Required action: A verbatim restatement of the data, free of pictures, is what you should output.

Collected material:
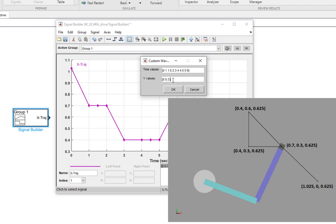Then when the prismatic joint was going down, it was 0.3. And when the prismatic joint was coming up, it was once again 0.3. After that, for moving to the first corner of the triangle, the y-point was once again 0.3.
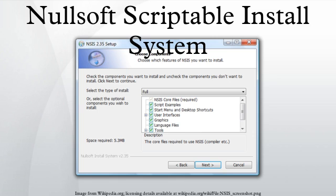The generated installer is a portable executable with the installation files archived within it, a 34 kilobytes overhead for the NSIS installer, and the installation script compiled into executable code. As the installation script is compiled, the script cannot be obtained from the delivered executable without reverse engineering the binary. The archive may be unpacked using either 7-Zip, the Total Commander plugin Install Explorer, or the predecessor by the same name for the FAR manager.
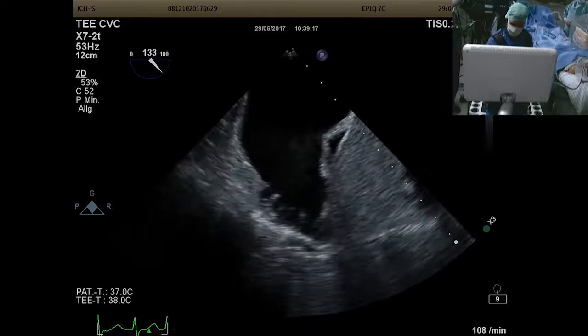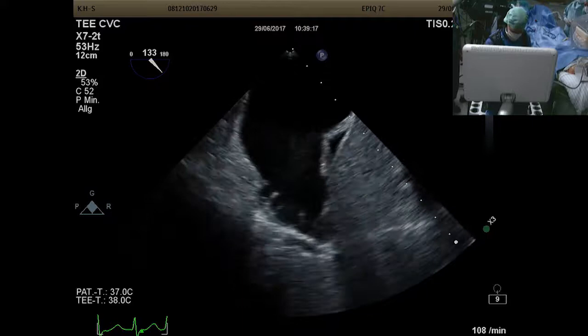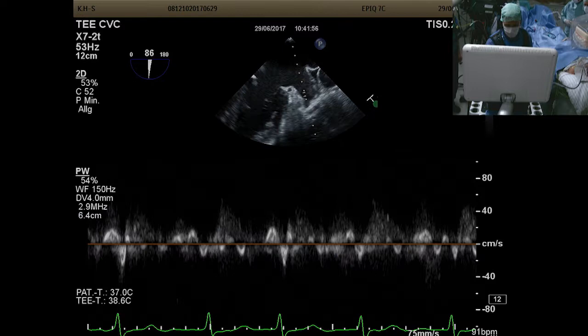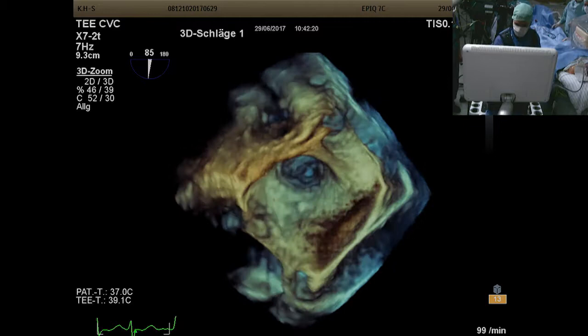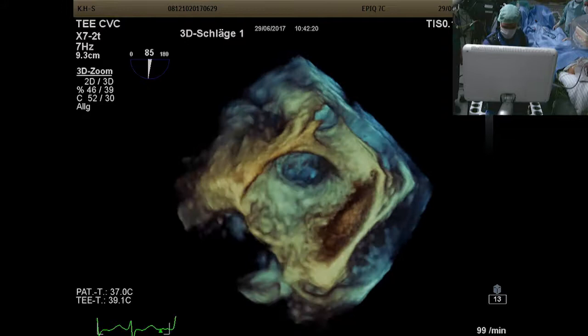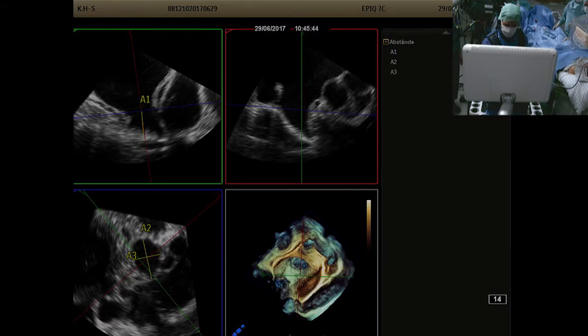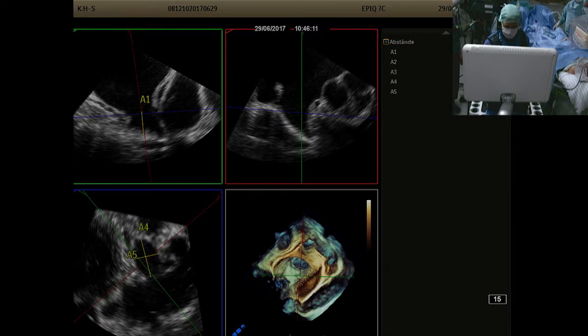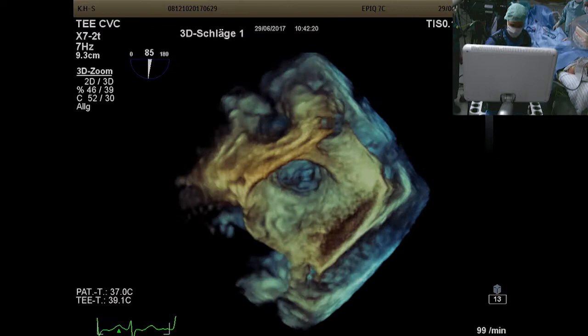At 135 degrees, we can see the trabeculae but no thrombus. The flow in the LA is shown. 3D also helps, giving a good view of the LA, showing the ostium is really oval-shaped. Using Q-Lab, measurements at the landing zone are around 29 to 30 mm — that's the maximum diameter for this LA.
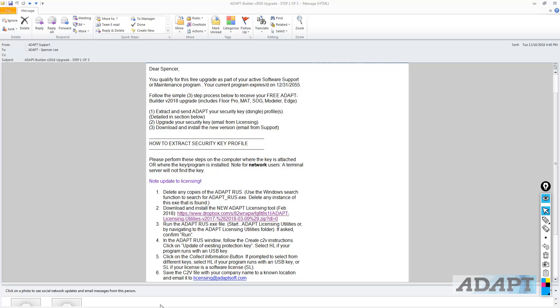This video will walk you through the steps of extracting a C2V file, which is step one of your key update procedure.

Your solution:
Then when the prismatic joint was going down, it was 0.3. And when the prismatic joint was coming up, it was once again 0.3. After that, for moving to the first corner of the triangle, the y-point was once again 0.3.
The generated installer is a portable executable with the installation files archived within it, a 34 kilobytes overhead for the NSIS installer, and the installation script compiled into executable code. As the installation script is compiled, the script cannot be obtained from the delivered executable without reverse engineering the binary. The archive may be unpacked using either 7-Zip, the Total Commander plugin Install Explorer, or the predecessor by the same name for the FAR manager.
At 135 degrees, we can see the trabeculae but no thrombus. The flow in the LA is shown. 3D also helps, giving a good view of the LA, showing the ostium is really oval-shaped. Using Q-Lab, measurements at the landing zone are around 29 to 30 mm — that's the maximum diameter for this LA.
This video will walk you through the steps of extracting a C2V file, which is step one of your key update procedure.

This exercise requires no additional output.